Jerez'le aramızdaki ilk görüşte aşktı... 9 senedir flamenkoyla iç içe yaşıyorum, onlarca İspanya şehrine gitme fırsatım oldu. Ne Barcelona'nın rengarenk sokakları, ne Madrid'in şahane Tablaoları ne de Sevilla'nın Triana'sı... Jerez bambaşka bir yer. Trene binersiniz en şık kadınlar Jerez'de inerler. Pazar günü sokaklarda bayram havası eser. En güzel yemekler Jerez'de yenir ve en güler yüzlü insanlar da oradadır.Penaların en şahaneleri, dükkanların en puantiyelileri, esnafların en yardımseveri de Jerez'dedir. En mükemmel workshoplar, en muhteşem flamenco festivali de... Festivali ayrıca anlatmak istiyorum ama önce Jerez'e yolu düşenler için hazırladığım küçük rehberciğimi paylaşıyorum.
JEREZ DE LA FRONTERA
Sevilla’ya trenle 1 saat, Cadiz’e ise 15 dakika uzaklıkta en küçük Endülüs şehirlerinden biri. Bir Alcazar (kale) bir catedral ve de birkaç tane meydandan oluşuyor.
Görülecekler:
Teatro Villamarta
Alcazar
Catedral
Centro Andaluz de Flamenco (flamenko kültür merkezi, binası şahane)

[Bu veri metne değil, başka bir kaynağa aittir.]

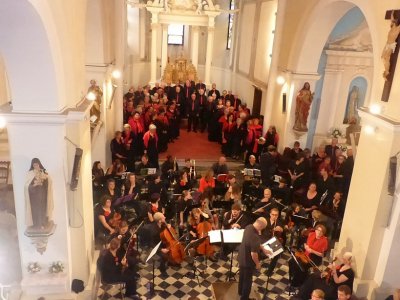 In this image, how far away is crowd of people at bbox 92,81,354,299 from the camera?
7.52 metres

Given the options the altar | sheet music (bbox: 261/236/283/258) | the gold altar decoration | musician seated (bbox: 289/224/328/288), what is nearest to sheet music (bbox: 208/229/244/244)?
sheet music (bbox: 261/236/283/258)

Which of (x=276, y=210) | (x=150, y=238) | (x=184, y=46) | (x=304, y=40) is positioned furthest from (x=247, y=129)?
(x=184, y=46)

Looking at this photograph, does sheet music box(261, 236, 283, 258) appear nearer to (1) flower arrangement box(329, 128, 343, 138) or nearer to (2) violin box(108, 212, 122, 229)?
(2) violin box(108, 212, 122, 229)

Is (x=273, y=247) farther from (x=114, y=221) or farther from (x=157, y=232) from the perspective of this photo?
(x=114, y=221)

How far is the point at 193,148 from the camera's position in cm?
1458

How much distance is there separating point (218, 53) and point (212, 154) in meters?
9.95

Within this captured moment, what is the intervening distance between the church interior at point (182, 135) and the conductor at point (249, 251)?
17.1 inches

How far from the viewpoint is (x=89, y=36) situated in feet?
34.4

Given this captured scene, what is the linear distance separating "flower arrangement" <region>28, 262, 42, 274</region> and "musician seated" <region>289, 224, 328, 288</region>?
442 cm

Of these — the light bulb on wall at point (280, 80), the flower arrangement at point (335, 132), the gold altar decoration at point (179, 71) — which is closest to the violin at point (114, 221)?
the light bulb on wall at point (280, 80)

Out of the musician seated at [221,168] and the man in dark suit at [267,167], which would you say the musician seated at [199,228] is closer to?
the musician seated at [221,168]

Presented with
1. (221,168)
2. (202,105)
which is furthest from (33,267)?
(202,105)

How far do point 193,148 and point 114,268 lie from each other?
25.8 feet

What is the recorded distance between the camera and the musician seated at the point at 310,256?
758 centimetres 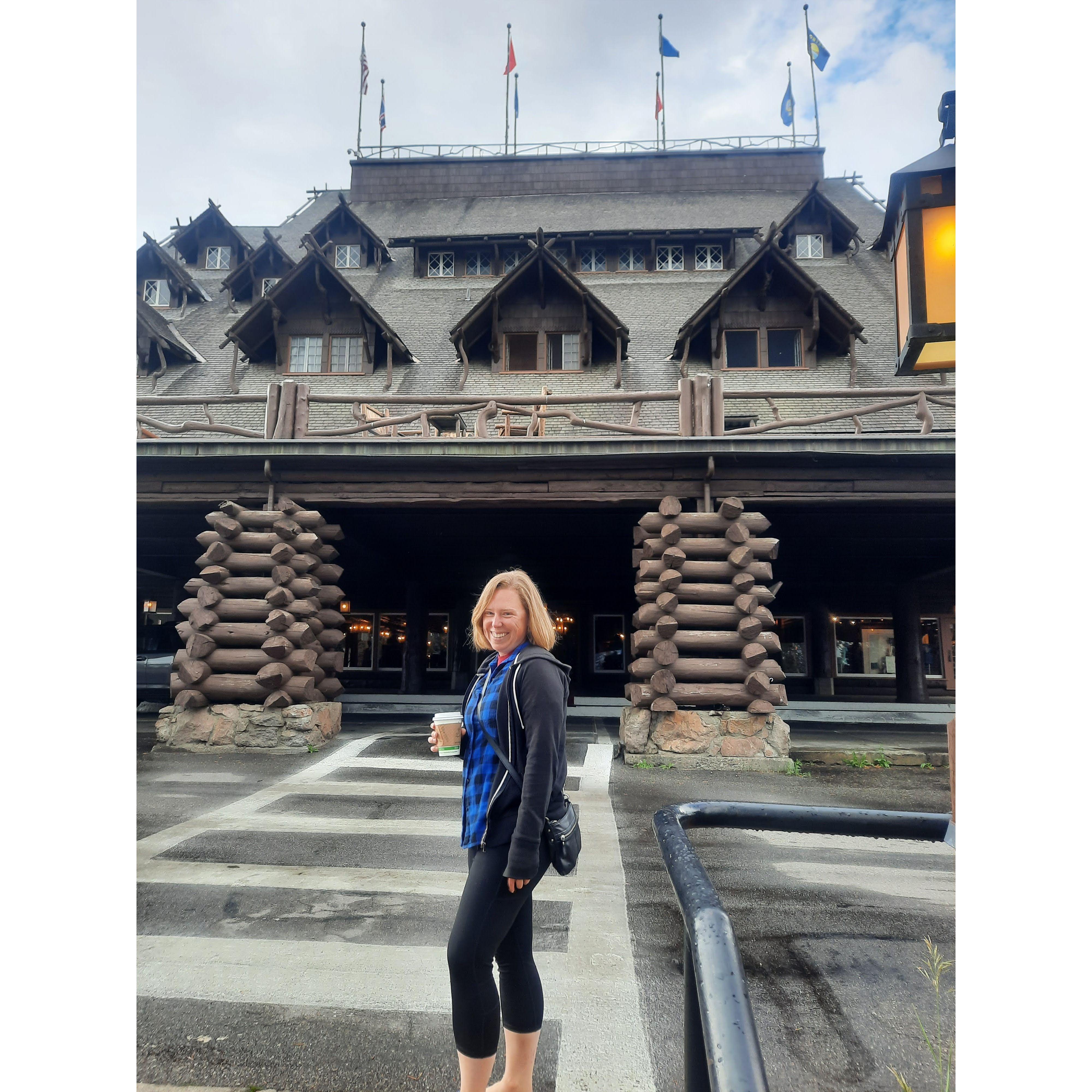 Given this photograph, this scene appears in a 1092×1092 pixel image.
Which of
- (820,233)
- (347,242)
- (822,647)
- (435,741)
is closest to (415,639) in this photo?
(822,647)

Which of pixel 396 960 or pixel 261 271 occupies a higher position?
pixel 261 271

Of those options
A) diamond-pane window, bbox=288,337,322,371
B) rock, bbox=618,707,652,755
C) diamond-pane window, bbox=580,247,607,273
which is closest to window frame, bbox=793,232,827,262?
diamond-pane window, bbox=580,247,607,273

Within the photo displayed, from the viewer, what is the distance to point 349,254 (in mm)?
20828

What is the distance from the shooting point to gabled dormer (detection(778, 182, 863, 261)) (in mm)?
18828

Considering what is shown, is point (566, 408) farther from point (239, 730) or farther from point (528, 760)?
point (528, 760)

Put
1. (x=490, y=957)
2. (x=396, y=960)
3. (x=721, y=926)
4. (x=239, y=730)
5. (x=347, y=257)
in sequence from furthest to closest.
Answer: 1. (x=347, y=257)
2. (x=239, y=730)
3. (x=396, y=960)
4. (x=490, y=957)
5. (x=721, y=926)

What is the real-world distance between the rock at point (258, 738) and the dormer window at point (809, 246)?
18.8 meters

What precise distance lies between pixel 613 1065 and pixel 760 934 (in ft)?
5.17

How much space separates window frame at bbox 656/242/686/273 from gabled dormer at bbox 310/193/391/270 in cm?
842

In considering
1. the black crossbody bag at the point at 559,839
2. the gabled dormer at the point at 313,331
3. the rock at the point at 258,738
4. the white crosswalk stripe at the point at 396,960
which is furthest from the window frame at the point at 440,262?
the black crossbody bag at the point at 559,839

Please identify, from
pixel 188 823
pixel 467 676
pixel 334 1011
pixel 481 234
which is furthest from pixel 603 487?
pixel 481 234

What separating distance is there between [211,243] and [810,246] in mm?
19922

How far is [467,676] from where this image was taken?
18.4 meters

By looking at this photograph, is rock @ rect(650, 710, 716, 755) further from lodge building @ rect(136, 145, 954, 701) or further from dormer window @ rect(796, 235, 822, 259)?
dormer window @ rect(796, 235, 822, 259) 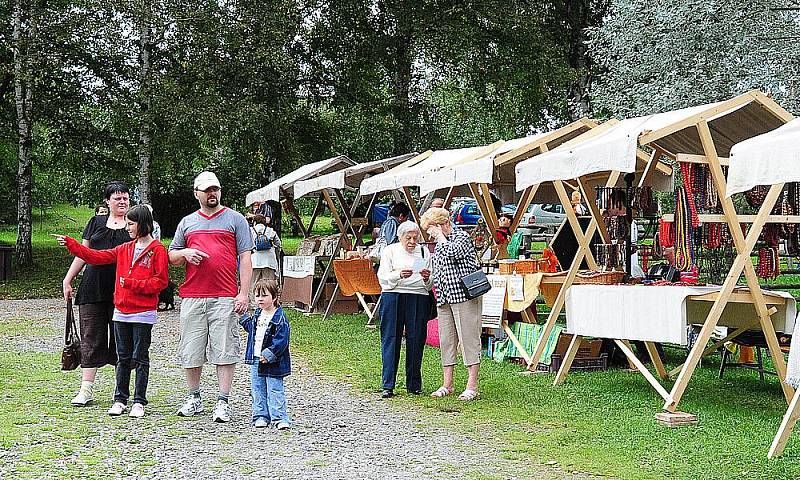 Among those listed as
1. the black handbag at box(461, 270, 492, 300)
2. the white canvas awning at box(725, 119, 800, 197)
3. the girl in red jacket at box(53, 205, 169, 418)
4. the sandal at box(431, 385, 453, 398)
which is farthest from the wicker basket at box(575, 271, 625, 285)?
the girl in red jacket at box(53, 205, 169, 418)

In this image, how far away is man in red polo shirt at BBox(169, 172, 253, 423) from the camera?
288 inches

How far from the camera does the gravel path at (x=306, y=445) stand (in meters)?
5.99

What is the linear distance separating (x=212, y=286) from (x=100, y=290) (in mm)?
1011

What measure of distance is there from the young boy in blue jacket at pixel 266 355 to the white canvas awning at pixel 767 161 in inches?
124

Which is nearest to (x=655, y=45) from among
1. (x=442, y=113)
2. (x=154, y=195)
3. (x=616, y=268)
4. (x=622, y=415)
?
(x=442, y=113)

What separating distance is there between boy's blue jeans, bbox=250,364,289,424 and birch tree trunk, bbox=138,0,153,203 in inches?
595

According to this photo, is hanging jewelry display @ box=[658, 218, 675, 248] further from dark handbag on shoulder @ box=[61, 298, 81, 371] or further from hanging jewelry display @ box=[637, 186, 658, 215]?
dark handbag on shoulder @ box=[61, 298, 81, 371]

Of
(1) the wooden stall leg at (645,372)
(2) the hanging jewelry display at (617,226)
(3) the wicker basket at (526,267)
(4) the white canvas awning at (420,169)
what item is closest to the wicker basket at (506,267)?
(3) the wicker basket at (526,267)

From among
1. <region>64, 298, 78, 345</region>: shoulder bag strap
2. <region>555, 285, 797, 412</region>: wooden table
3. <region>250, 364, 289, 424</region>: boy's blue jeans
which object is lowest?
<region>250, 364, 289, 424</region>: boy's blue jeans

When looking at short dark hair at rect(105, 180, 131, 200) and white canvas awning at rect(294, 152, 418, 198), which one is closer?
short dark hair at rect(105, 180, 131, 200)

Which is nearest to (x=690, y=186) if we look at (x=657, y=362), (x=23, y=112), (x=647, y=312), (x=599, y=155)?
(x=599, y=155)

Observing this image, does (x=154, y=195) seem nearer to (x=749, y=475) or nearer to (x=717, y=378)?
(x=717, y=378)

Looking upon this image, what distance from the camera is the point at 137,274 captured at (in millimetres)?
7402

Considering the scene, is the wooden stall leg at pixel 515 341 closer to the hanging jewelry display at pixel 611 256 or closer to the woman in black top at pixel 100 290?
the hanging jewelry display at pixel 611 256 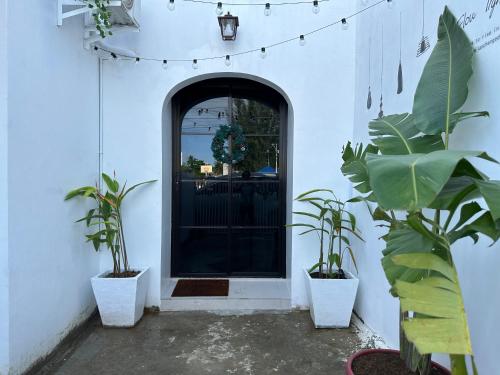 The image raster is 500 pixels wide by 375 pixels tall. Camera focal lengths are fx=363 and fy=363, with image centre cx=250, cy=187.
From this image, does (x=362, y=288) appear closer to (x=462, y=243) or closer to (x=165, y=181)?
(x=462, y=243)

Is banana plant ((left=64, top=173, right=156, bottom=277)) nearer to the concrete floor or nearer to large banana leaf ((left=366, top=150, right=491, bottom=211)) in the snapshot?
the concrete floor

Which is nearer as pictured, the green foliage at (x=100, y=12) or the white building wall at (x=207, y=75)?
the green foliage at (x=100, y=12)

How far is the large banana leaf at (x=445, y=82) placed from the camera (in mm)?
1510

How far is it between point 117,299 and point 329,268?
5.87 feet

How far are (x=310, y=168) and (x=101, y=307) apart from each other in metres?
2.18

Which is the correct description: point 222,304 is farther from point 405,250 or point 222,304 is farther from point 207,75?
point 405,250

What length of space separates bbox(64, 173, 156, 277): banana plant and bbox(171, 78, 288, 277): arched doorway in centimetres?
73

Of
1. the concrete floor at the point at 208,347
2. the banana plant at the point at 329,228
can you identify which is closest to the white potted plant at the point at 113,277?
the concrete floor at the point at 208,347

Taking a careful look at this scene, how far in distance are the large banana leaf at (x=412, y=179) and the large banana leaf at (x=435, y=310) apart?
233mm

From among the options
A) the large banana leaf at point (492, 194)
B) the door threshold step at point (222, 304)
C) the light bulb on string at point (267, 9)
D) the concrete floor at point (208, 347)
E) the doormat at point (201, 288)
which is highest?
the light bulb on string at point (267, 9)

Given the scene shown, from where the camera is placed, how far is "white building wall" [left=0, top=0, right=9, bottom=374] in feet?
6.71

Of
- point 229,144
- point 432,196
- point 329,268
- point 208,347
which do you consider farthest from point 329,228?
point 432,196

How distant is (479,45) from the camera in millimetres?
1680

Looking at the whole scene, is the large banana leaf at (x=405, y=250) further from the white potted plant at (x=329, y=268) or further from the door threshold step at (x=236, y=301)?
the door threshold step at (x=236, y=301) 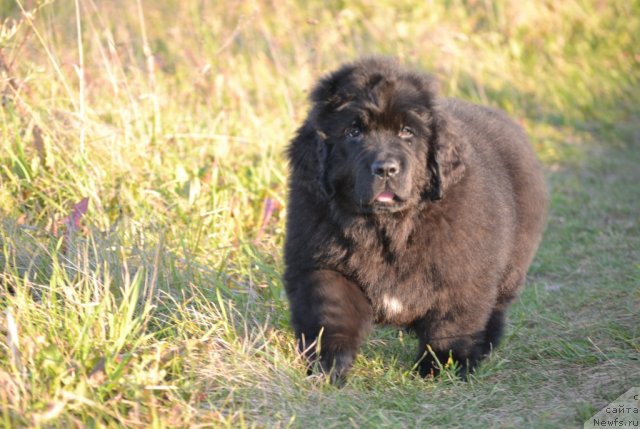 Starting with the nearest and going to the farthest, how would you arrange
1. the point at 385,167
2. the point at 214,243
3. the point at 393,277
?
1. the point at 385,167
2. the point at 393,277
3. the point at 214,243

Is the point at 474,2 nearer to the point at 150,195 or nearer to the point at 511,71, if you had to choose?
the point at 511,71

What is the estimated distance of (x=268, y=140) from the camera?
5938mm

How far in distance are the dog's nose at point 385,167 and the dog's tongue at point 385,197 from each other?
77 mm

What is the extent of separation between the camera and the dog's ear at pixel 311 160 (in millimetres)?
3484

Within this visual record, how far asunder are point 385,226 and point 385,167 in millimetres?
289

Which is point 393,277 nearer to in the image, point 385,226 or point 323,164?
point 385,226

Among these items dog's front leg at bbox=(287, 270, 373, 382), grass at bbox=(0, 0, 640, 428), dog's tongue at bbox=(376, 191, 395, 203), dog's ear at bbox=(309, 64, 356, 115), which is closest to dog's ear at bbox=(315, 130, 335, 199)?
dog's ear at bbox=(309, 64, 356, 115)

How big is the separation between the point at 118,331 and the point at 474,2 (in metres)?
7.64

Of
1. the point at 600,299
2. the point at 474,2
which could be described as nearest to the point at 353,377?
Answer: the point at 600,299

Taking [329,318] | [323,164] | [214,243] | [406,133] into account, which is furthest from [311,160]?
[214,243]

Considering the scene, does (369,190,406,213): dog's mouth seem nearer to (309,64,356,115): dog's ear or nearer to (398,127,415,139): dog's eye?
(398,127,415,139): dog's eye

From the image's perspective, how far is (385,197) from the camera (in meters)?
3.34

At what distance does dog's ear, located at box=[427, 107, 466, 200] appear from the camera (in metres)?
3.48

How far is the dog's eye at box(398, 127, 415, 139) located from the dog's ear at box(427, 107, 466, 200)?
101mm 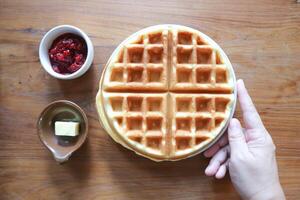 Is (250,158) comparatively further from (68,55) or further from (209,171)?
(68,55)

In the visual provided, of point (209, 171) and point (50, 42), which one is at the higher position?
point (50, 42)

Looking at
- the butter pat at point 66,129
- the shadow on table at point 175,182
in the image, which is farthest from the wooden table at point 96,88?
the butter pat at point 66,129

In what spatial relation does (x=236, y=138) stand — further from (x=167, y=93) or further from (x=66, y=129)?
(x=66, y=129)

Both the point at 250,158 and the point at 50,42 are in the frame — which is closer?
the point at 250,158

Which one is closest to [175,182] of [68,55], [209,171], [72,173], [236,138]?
[209,171]

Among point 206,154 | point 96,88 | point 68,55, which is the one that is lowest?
point 206,154

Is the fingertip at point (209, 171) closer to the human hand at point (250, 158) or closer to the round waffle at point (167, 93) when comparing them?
the human hand at point (250, 158)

Barrio del Santiago (çingene mahallesi)
Zoco de Artesania (hediyelik değişik ürünlerin satıldığı çok tatlı avlusu olan bi yer)
Tio Pepe fabrikası
At gösterileri (biz gitmedik ama çok güzelmiş)
YEME İÇME:
Jerez deyince akla ilk gelen içki Brandy. Özellikle Tio Pepe marka olanı bütün şehri kaplamış durumda.
Gastronomi konusunda bence Jerez mükemmel. Her şey taptaze, çeşit çok bol, lokantalar çok şık ve süper lezzetli.
Benim şehirdeki favorim kesinlikle Bar Juanito.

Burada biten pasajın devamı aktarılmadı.